Data:
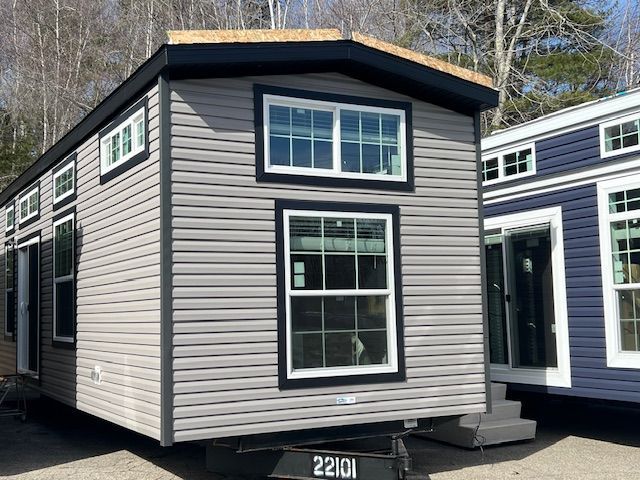 A tiny house is sitting on top of a trailer.
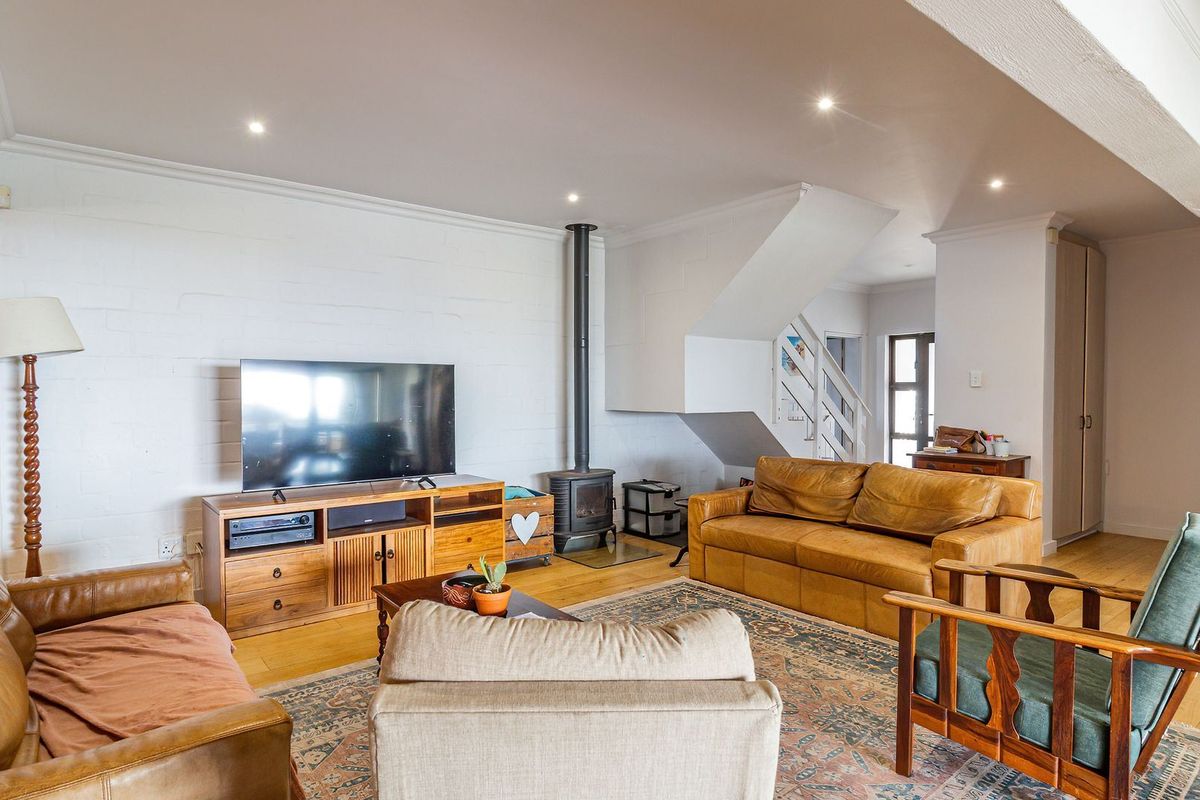 Spacious living room featuring timber flooring, a built-in wood-burning fireplace, and a staircase, creating a warm and inviting atmosphere.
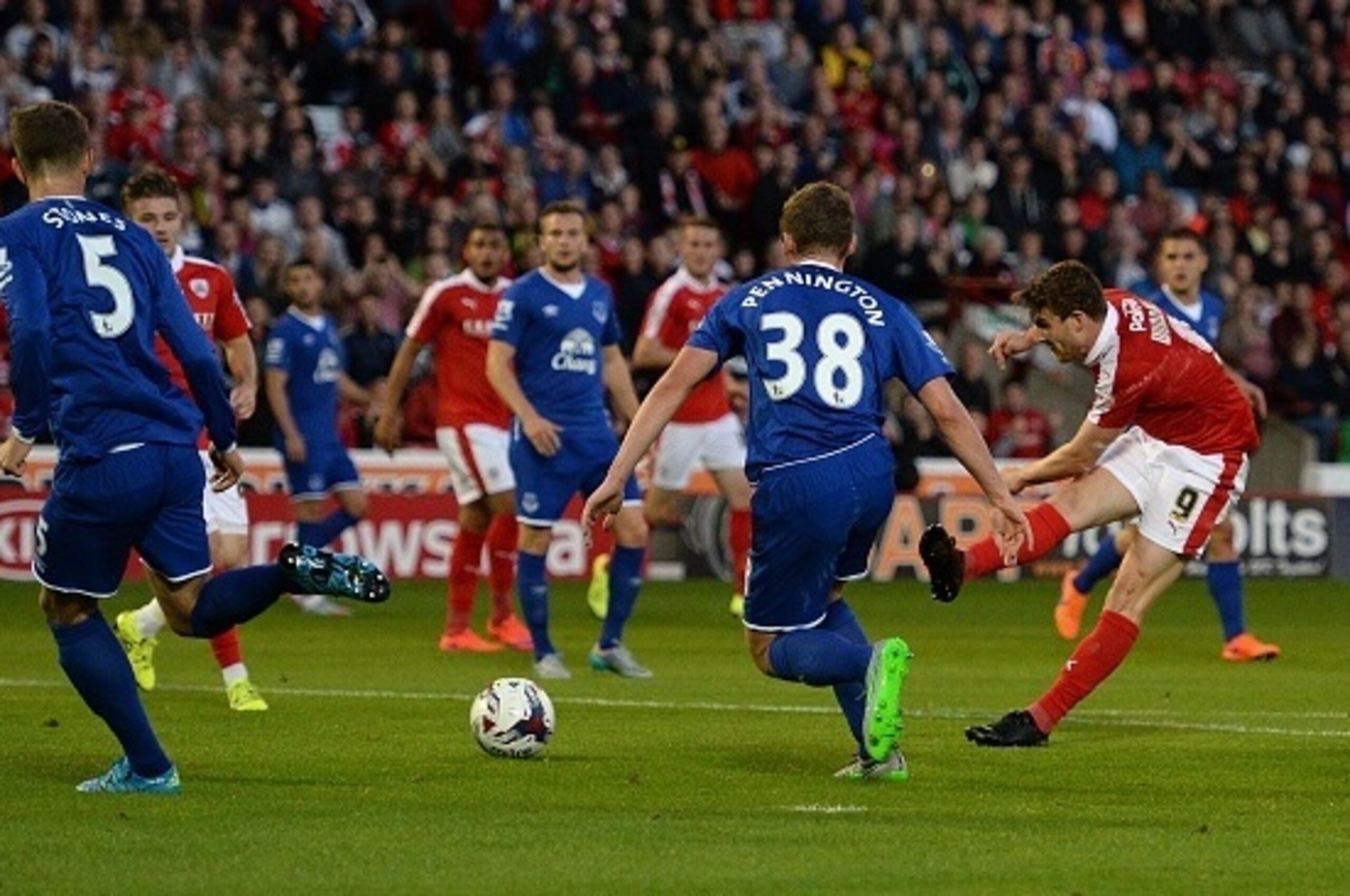 Barnsley's English forward Sam Winnall (R) shoots to score a goal during the English League Cup football match between Barnsley and Everton at the Oakwell Stadium in Barnsley, England, on August 26, 2015.    AFP PHOTO / OLI SCARFF

RESTRICTED TO EDITORIAL
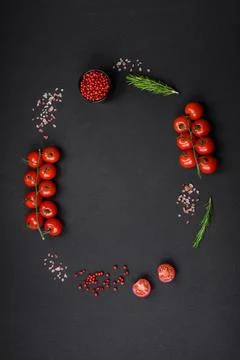 Empty black texture table, cherry tomatoes on a twig, spices, salt and herbs Stock Photos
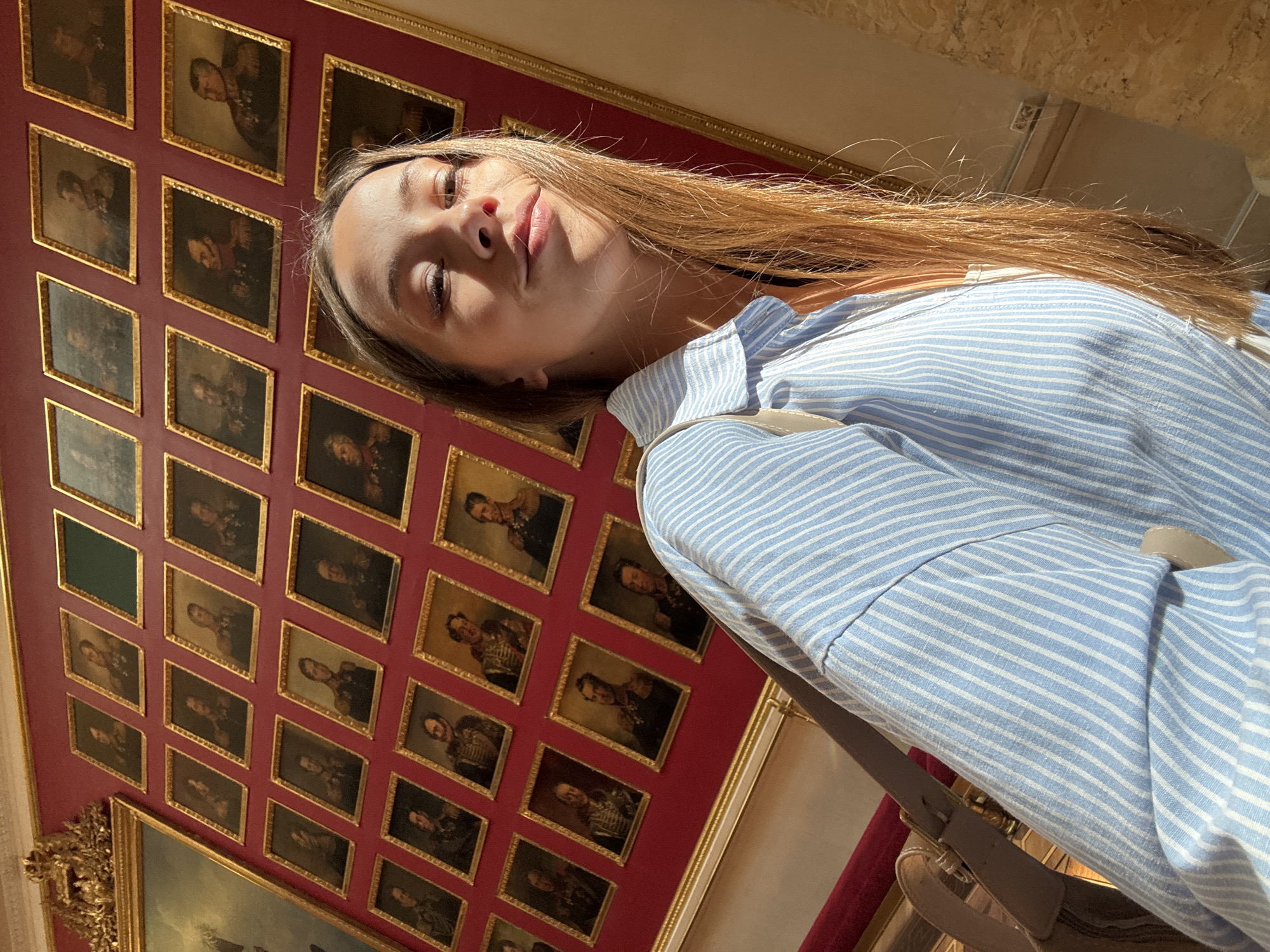 The image shows a young woman taking a selfie in front of a wall of portraits in the State Hermitage Museum, Palace Square, Saint Petersburg, Russia. She is wearing a light blue and white striped button-up shirt and has long, light brown hair. The portraits are framed in gold and appear to be of historical figures, likely military leaders given their uniforms. The wall is a deep red color, and the room has a grand, opulent feel. Sunlight is streaming in from the right side of the image, casting shadows and highlighting the woman's face and hair.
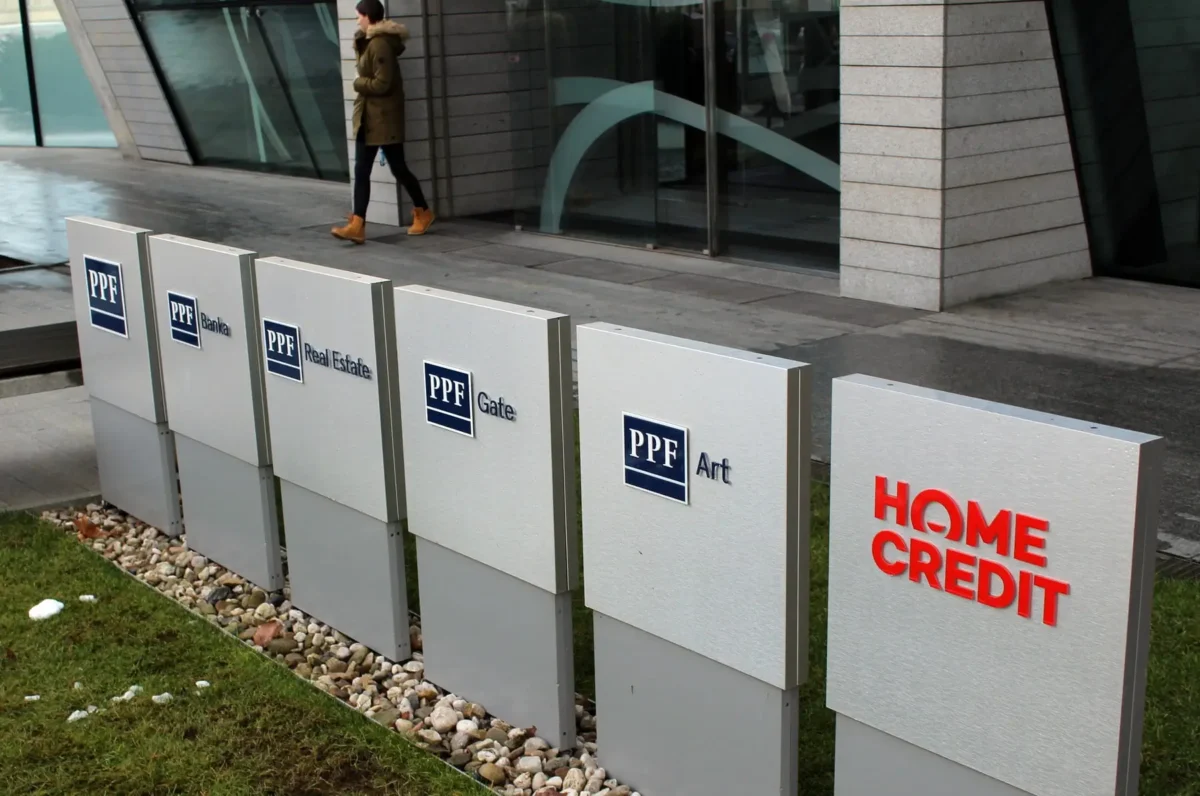 Row of grey sign panels with PPF logos and labels (Banka, Real Estate, Gate, Art) set outside a modern glass building; a person in a brown coat and orange boots walks by nearby.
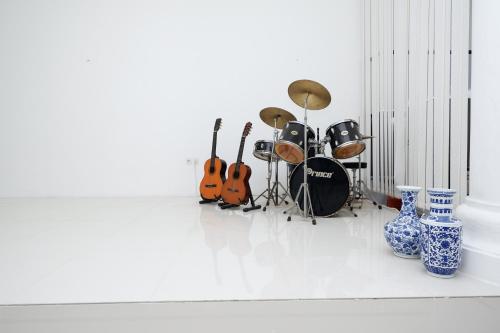 a group of guitars and other musical instruments in a room at Griya RW Family Guest House Redpartner in Solo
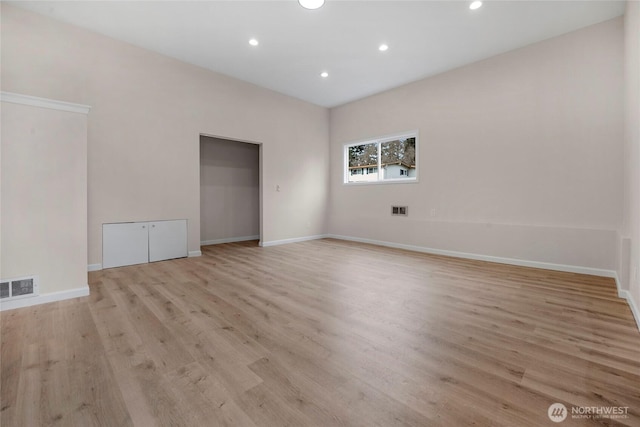 unfurnished room with recessed lighting, baseboards, visible vents, and light wood finished floors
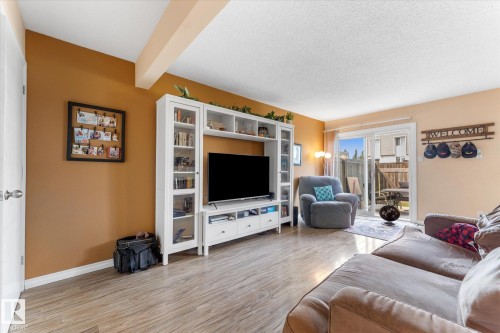 Spacious room with wood-finish flooring, a neutral ceiling, and two-tone wall finishes - 173 Cornell Court Nw, Edmonton, AB - Indoor Photo Showing Living Room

Your task:
Please return, without any change, the lines from the line containing "Row of grey" through the last line of the entries, dropping the pictures.

Task answer:
 Row of grey sign panels with PPF logos and labels (Banka, Real Estate, Gate, Art) set outside a modern glass building; a person in a brown coat and orange boots walks by nearby.
 a group of guitars and other musical instruments in a room at Griya RW Family Guest House Redpartner in Solo
 unfurnished room with recessed lighting, baseboards, visible vents, and light wood finished floors
 Spacious room with wood-finish flooring, a neutral ceiling, and two-tone wall finishes - 173 Cornell Court Nw, Edmonton, AB - Indoor Photo Showing Living Room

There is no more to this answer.